Let's assume the number of quarters in the jar is "Q".
We are given that there are twice as many nickels as there are quarters. So, the number of nickels would be 2Q.
Now, let's calculate the total value of the dimes. We are given that there is $15.30 in dimes. We know that each dime is worth $0.10, so we can divide the total value by the value of each dime: $15.30 / $0.10 = 153 dimes.

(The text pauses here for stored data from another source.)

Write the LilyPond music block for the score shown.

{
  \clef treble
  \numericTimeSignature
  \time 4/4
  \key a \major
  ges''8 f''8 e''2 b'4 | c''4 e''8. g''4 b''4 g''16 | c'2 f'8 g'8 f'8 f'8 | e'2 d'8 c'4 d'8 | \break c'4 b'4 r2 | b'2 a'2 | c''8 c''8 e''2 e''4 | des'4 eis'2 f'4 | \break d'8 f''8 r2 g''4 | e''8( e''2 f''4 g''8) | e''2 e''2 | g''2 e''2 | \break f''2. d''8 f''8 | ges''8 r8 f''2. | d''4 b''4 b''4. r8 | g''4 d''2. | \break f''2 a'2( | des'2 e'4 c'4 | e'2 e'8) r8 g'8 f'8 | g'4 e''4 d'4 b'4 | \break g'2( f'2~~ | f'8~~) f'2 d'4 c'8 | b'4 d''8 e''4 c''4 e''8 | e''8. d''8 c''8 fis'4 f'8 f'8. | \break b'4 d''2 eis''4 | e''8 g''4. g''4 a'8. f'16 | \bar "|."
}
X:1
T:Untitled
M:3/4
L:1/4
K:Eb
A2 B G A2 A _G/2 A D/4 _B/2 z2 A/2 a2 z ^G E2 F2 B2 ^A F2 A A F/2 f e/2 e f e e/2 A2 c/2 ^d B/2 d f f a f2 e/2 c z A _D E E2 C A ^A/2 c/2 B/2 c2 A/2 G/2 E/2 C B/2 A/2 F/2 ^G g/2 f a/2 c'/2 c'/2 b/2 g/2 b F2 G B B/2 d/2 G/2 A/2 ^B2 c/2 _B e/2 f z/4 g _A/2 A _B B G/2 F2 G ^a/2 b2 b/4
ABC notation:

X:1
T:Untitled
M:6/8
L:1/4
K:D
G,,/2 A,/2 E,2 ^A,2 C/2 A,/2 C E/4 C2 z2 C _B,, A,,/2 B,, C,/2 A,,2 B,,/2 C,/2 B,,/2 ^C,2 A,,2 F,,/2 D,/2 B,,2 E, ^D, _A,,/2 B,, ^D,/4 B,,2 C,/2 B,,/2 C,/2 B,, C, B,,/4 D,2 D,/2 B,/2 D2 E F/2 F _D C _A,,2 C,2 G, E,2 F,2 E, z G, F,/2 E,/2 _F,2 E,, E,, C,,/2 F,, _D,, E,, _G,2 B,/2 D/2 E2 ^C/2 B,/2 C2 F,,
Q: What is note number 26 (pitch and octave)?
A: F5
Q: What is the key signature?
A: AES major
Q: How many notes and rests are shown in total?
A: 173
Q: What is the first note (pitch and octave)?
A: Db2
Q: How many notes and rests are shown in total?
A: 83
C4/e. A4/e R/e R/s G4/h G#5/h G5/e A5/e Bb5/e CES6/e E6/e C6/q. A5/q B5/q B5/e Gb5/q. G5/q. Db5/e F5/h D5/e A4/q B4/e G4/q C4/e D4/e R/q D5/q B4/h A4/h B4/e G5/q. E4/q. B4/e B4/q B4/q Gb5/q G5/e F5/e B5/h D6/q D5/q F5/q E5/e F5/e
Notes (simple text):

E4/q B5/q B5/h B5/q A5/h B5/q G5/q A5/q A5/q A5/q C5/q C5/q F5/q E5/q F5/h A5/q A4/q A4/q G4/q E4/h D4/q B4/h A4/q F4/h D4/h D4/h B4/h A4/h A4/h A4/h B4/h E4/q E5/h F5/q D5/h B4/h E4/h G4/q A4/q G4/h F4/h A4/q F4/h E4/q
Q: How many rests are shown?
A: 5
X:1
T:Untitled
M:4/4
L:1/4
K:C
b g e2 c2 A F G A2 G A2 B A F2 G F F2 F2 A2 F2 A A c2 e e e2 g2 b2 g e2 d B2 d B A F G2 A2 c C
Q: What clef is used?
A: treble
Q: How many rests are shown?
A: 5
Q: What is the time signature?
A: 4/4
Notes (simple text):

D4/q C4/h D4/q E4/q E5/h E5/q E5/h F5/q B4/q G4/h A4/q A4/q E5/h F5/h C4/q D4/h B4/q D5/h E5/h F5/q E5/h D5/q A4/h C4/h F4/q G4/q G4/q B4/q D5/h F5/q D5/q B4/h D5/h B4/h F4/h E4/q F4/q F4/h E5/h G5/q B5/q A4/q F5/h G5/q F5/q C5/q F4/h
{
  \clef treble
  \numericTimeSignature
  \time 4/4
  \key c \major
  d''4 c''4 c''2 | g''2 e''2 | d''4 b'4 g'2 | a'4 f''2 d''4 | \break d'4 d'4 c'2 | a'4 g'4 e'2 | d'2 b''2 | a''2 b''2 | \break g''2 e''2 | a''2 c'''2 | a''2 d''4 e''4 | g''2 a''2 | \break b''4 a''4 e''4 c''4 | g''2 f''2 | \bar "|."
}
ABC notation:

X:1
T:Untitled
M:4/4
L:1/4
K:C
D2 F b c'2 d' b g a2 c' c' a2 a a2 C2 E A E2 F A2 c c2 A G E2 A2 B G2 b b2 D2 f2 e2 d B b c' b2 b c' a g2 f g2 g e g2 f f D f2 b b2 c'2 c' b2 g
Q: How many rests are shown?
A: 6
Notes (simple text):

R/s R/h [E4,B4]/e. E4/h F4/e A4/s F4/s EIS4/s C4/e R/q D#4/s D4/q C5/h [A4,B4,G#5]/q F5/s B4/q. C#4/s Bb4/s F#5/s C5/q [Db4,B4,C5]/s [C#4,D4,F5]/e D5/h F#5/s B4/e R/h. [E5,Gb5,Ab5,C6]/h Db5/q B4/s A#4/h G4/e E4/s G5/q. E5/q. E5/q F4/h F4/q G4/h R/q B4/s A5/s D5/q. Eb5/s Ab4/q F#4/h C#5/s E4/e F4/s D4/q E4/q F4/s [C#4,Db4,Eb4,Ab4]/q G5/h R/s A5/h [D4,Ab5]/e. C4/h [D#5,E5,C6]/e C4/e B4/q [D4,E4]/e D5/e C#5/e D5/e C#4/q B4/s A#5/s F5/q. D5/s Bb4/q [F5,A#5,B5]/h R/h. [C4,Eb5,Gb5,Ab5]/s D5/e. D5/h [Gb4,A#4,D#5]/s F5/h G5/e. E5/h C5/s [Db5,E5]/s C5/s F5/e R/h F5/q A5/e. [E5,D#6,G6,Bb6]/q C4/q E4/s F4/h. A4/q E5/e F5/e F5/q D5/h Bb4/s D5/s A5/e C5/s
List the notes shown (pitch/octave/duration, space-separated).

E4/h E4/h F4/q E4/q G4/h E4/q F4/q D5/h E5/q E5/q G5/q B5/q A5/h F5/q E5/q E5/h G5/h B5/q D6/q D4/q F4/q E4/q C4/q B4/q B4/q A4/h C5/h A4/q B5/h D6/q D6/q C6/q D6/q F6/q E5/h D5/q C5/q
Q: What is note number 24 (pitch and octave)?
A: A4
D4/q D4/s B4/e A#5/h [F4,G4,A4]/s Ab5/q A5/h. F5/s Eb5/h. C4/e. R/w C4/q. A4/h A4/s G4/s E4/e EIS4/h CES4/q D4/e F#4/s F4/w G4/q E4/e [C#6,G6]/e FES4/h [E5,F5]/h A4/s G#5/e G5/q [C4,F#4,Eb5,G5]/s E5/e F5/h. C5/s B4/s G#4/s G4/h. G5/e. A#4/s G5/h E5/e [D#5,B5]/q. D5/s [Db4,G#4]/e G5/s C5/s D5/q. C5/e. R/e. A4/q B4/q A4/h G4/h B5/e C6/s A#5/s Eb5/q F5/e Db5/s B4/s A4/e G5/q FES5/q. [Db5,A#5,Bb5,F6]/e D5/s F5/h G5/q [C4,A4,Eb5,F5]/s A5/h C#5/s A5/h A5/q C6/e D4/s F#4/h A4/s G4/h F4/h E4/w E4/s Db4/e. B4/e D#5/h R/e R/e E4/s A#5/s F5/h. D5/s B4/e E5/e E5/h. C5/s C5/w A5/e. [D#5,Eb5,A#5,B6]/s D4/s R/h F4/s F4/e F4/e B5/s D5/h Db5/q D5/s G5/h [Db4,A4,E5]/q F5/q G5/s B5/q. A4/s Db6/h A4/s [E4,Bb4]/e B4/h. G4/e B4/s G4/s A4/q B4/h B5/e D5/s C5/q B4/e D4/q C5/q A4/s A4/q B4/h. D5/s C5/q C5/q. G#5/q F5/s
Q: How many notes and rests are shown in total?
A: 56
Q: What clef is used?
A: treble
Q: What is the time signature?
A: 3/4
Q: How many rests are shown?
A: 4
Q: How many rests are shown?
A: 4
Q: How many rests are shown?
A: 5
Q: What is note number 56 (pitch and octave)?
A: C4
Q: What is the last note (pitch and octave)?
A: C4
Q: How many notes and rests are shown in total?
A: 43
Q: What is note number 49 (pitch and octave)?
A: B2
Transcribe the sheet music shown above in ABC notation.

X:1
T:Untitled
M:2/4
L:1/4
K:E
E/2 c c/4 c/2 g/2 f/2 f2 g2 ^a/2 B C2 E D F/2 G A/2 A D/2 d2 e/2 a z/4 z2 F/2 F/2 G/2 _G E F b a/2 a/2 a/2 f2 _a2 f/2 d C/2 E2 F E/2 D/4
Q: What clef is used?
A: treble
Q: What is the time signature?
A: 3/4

Similarly, we know that each nickel is worth $0.05. So, the value of all nickels would be 2Q * $0.05 = $0.10Q.
The value of all quarters would be Q * $0.25.
Finally, we know that the total value of all coins is $74.80. So, putting it all together, we can create an equation:
Value of dimes + Value of nickels + Value of quarters = $74.80
$15.30 + $0.10Q + $0.25Q = $74.80
Simplifying the equation, we get:
$15.30 + $0.35Q = $74.80
To solve for Q, we need to isolate it on one side of the equation. Subtracting $15.30 from both sides gives:
$0.35Q = $74.80 - $15.30
$0.35Q = $59.50
Dividing both sides by $0.35, we get:
Q = $59.50 / $0.35
Q ≈ 170
Therefore, there are approximately 170 quarters in the jar.